**Exercise details**
Find the line below with "Datejust Rolex 16233 White Roman Dial" and the line with "Pearl Drop Shape". Output them and the lines between, exactly, but not the pictures.

── Record set ──

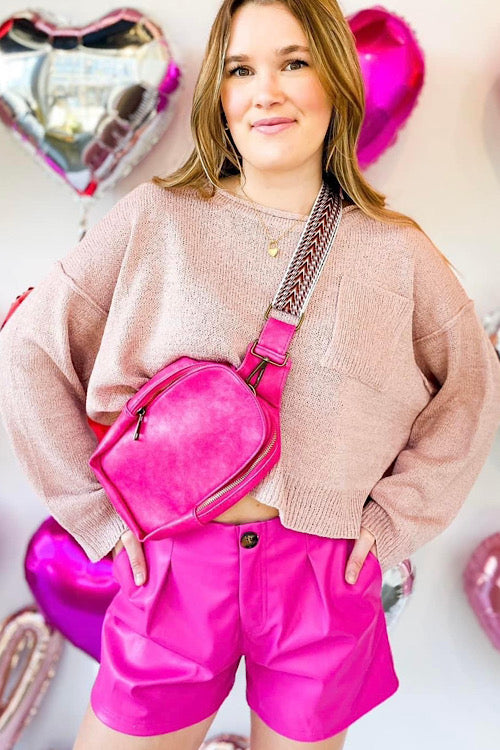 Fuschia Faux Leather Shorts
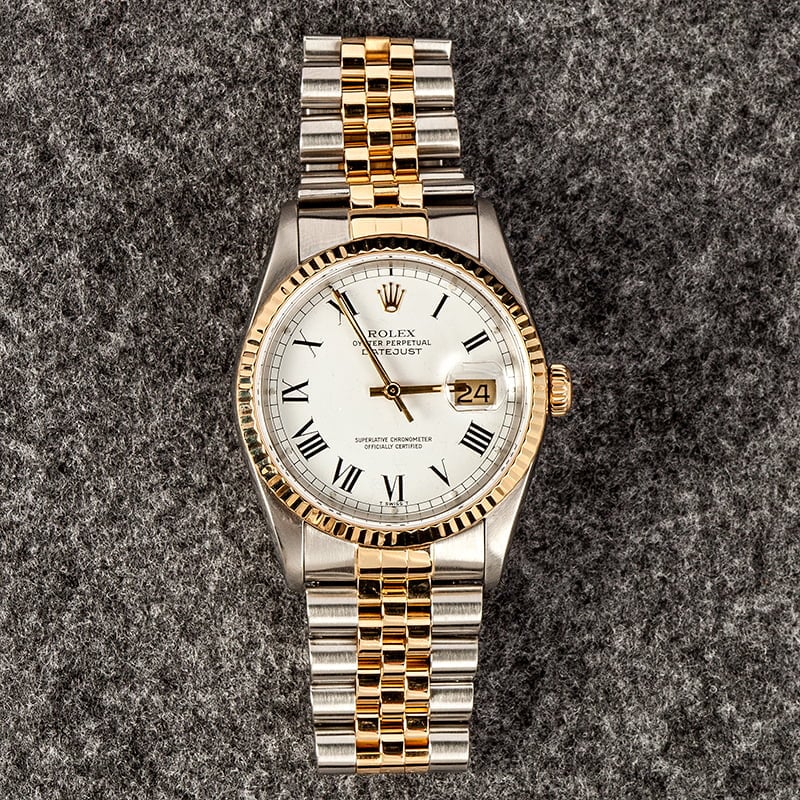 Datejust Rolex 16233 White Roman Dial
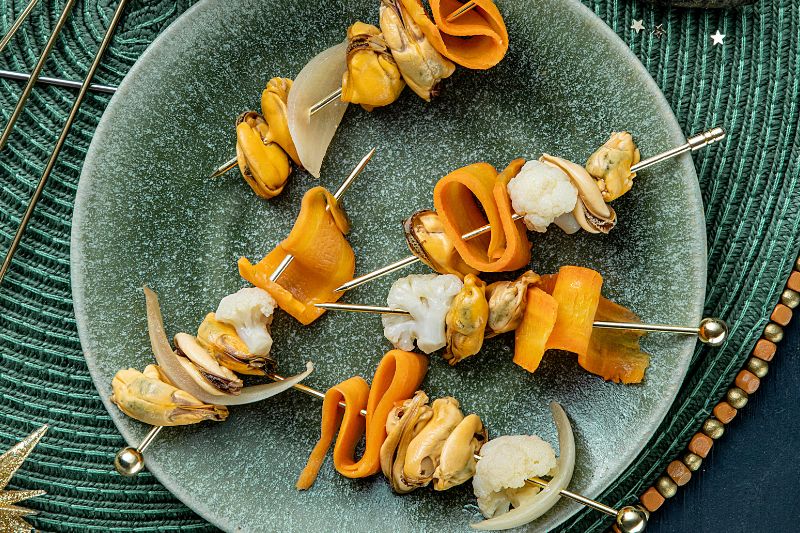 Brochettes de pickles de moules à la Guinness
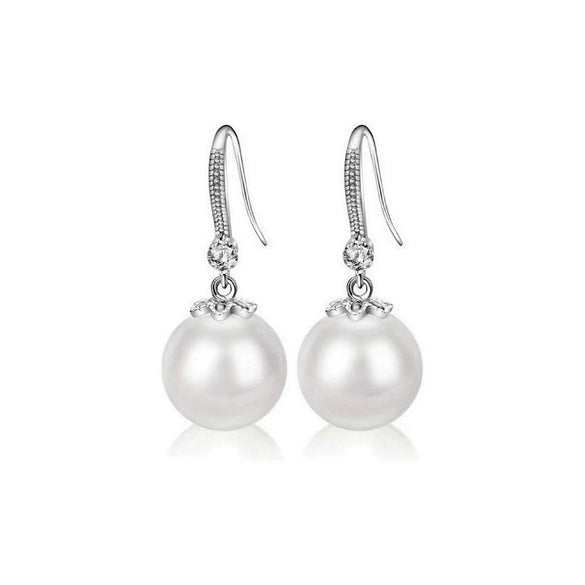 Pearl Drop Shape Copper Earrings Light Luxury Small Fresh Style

───
── Record set ──

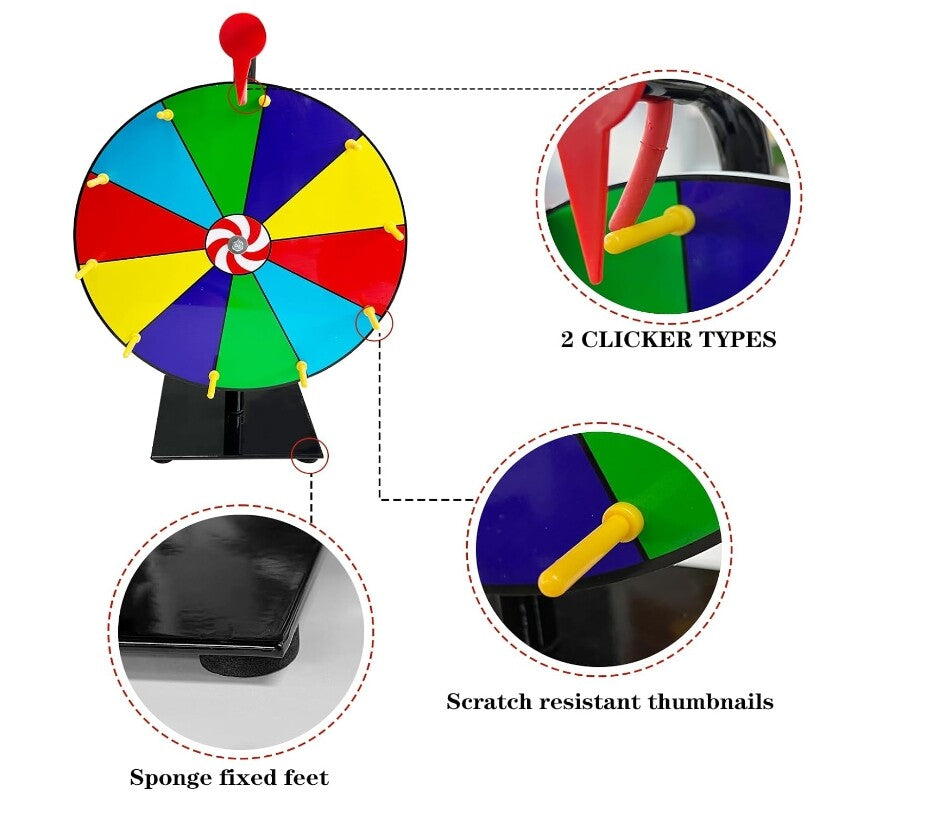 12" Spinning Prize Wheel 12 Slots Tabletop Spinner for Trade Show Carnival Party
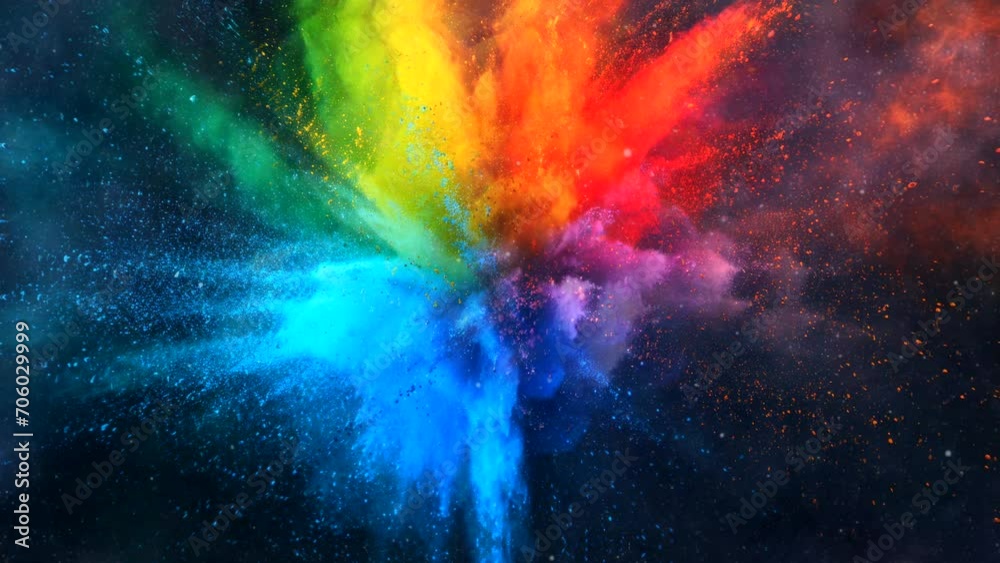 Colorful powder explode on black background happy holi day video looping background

───

**Worked solution**
 Datejust Rolex 16233 White Roman Dial
 Brochettes de pickles de moules à la Guinness
 Pearl Drop Shape Copper Earrings Light Luxury Small Fresh Style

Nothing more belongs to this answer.